Below are entries with pictures among them; reproduce exactly, and only, the lines from the one containing "Vector Illustration of" down to the one containing "MABIS Signature Series", without the pictures.
**** Records shown
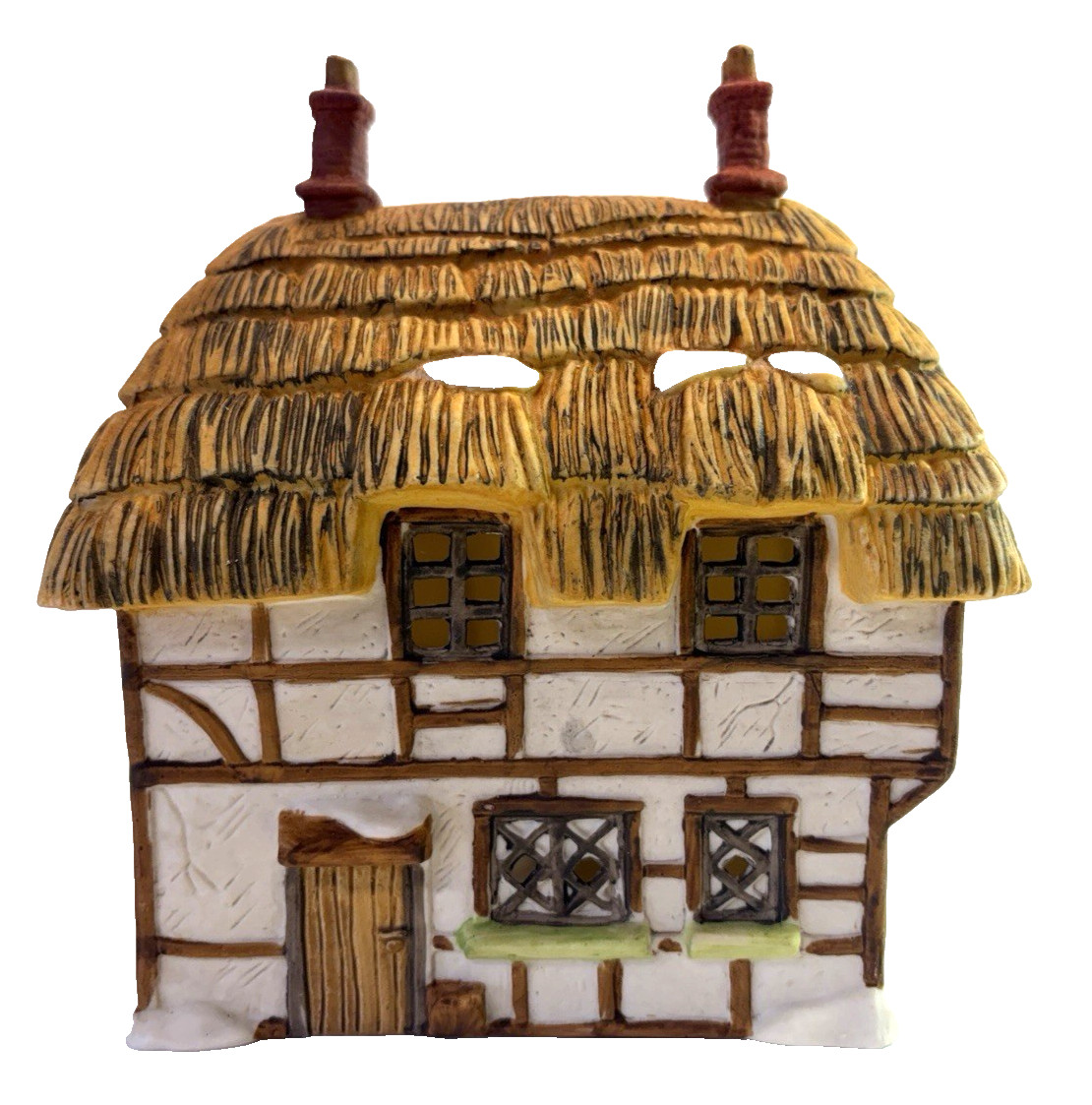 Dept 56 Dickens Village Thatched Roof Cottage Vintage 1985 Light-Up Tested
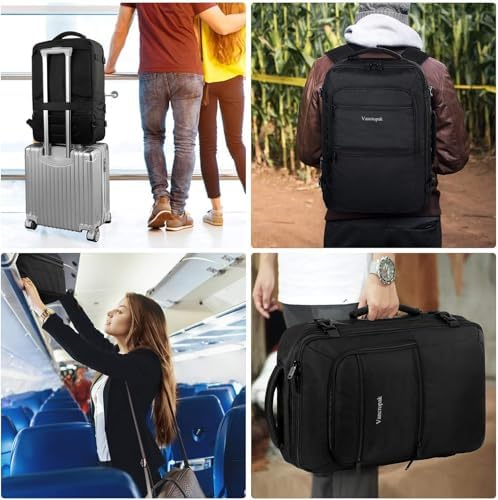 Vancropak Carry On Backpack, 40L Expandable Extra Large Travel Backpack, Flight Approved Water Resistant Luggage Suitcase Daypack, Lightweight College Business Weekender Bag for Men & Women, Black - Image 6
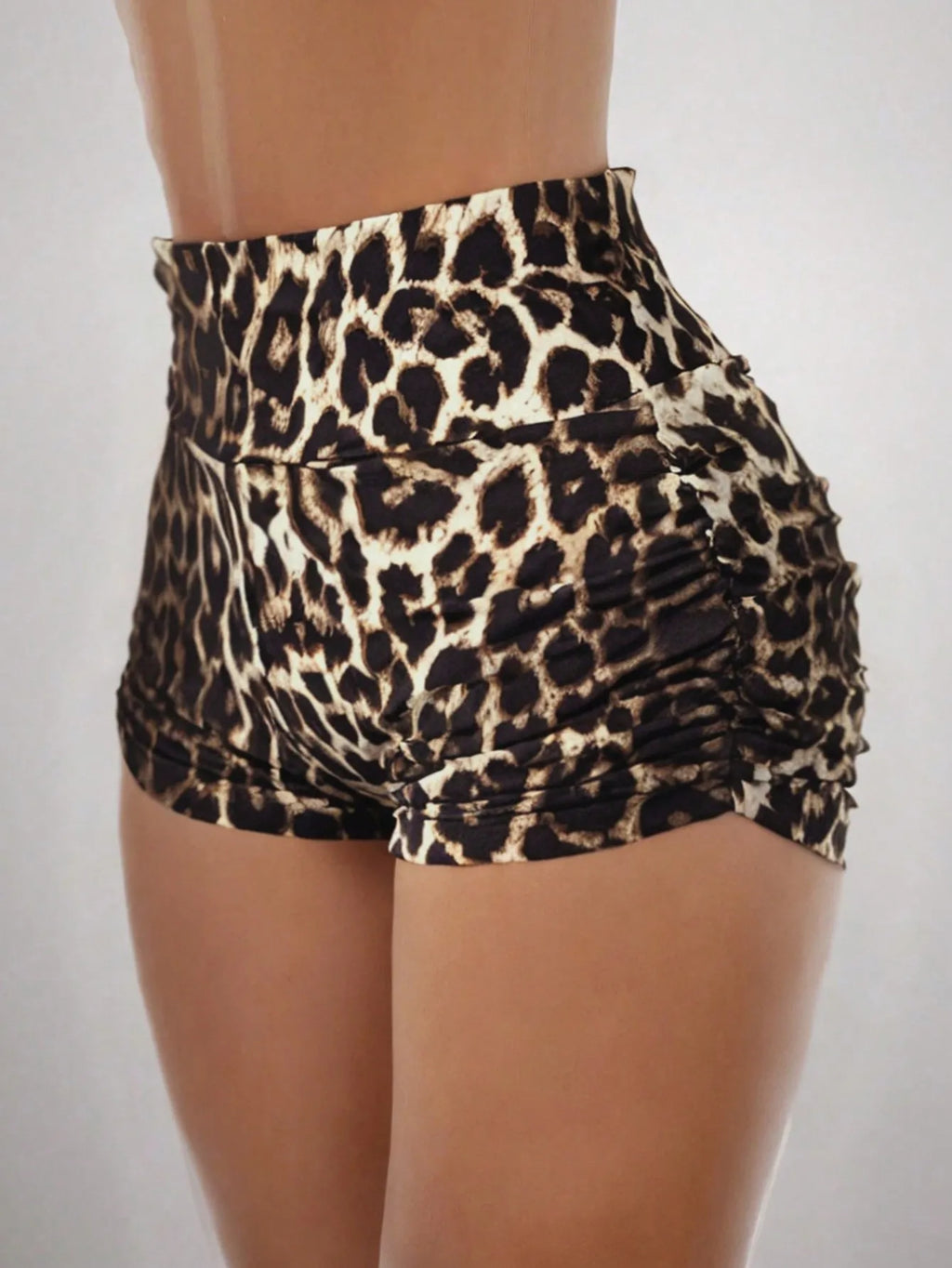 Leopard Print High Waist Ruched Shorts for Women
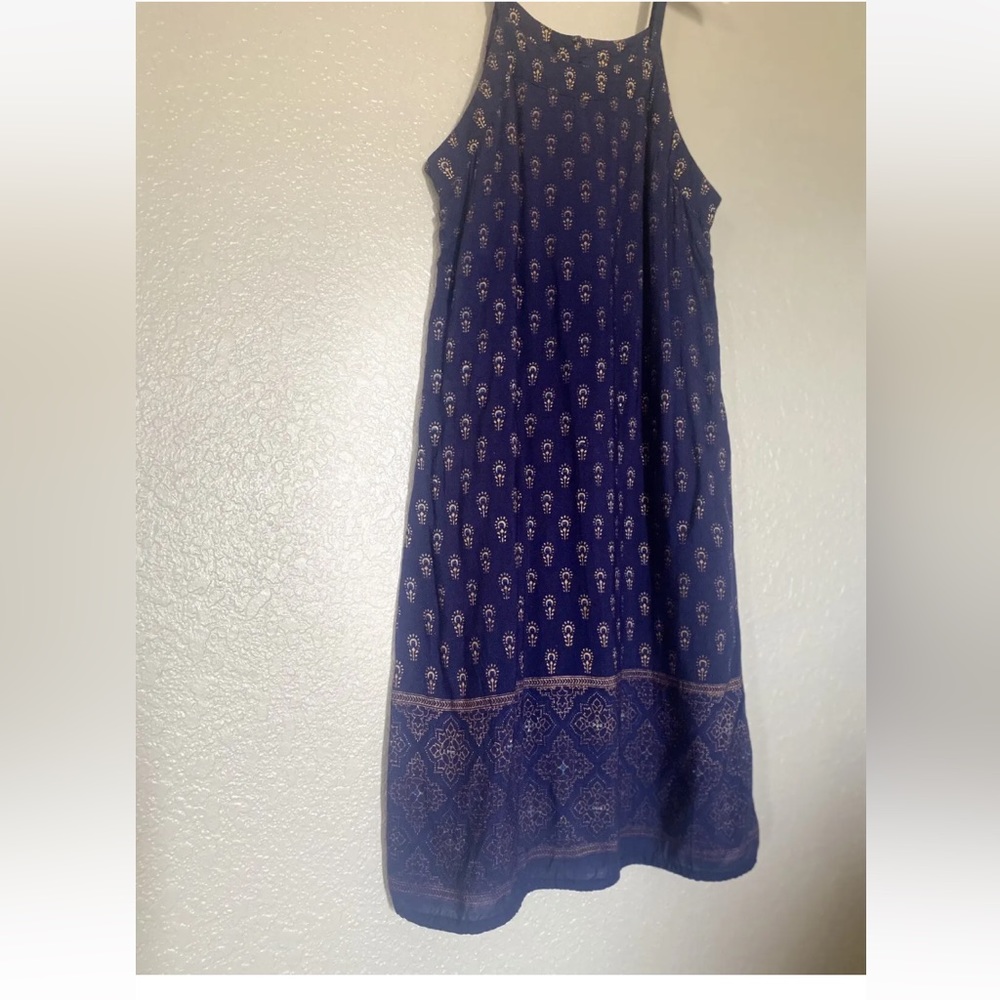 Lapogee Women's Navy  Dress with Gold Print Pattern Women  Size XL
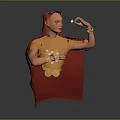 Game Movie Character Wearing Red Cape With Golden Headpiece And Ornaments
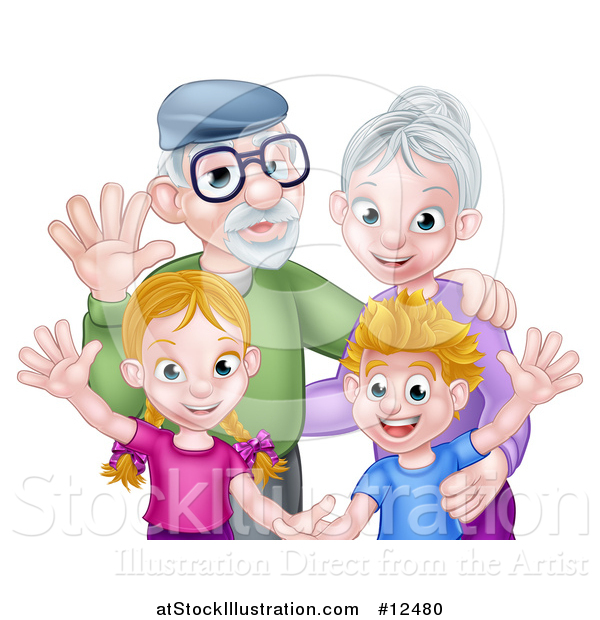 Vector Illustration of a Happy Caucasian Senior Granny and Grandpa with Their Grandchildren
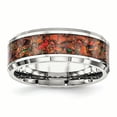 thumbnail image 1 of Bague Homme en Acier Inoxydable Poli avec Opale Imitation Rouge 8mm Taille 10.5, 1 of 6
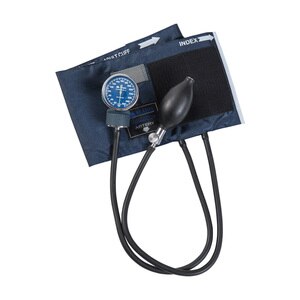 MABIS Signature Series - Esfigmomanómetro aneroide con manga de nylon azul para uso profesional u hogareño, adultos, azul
********
**** Records shown
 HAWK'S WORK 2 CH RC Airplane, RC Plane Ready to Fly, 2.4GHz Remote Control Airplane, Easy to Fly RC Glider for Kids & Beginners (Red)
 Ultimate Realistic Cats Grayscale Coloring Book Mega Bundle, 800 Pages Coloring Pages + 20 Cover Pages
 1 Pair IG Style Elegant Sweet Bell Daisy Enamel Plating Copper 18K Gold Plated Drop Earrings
********
**** Records shown
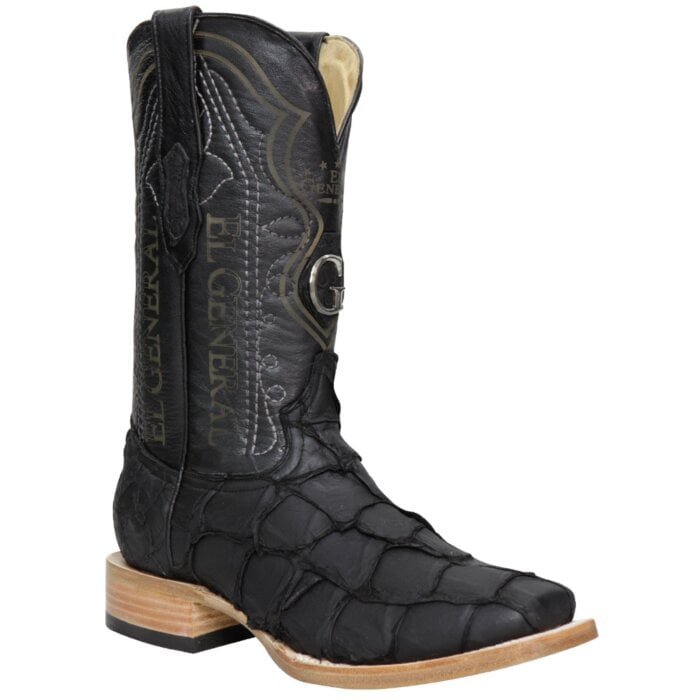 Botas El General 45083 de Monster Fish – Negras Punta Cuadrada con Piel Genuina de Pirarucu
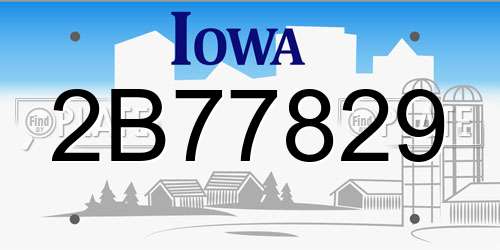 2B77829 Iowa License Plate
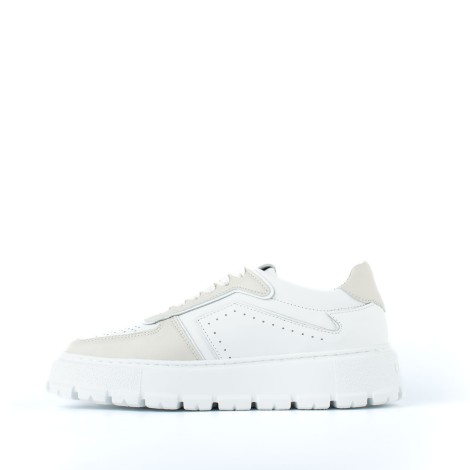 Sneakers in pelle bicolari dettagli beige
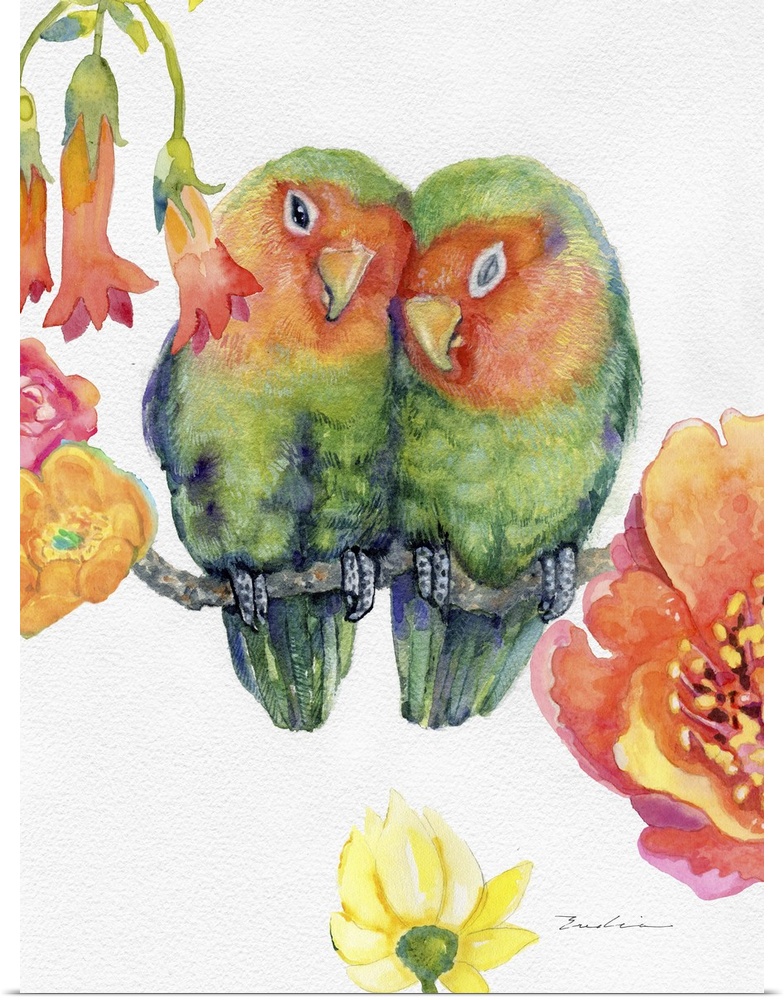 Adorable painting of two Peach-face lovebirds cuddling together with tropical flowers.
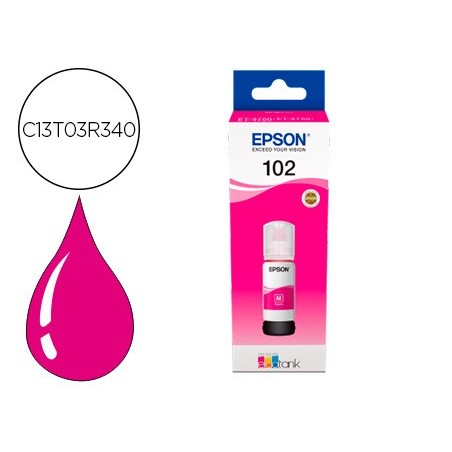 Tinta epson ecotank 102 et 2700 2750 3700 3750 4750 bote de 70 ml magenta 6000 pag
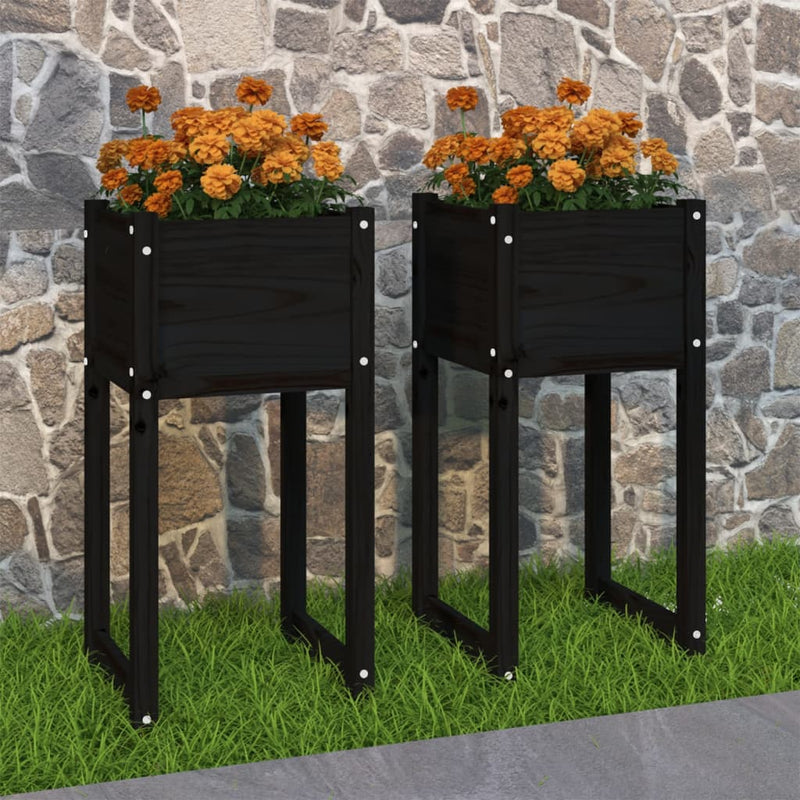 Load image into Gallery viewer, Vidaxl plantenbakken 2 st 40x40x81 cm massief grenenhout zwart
********
#### Final answer:
 Vector Illustration of a Happy Caucasian Senior Granny and Grandpa with Their Grandchildren
 thumbnail image 1 of Bague Homme en Acier Inoxydable Poli avec Opale Imitation Rouge 8mm Taille 10.5, 1 of 6
 MABIS Signature Series - Esfigmomanómetro aneroide con manga de nylon azul para uso profesional u hogareño, adultos, azul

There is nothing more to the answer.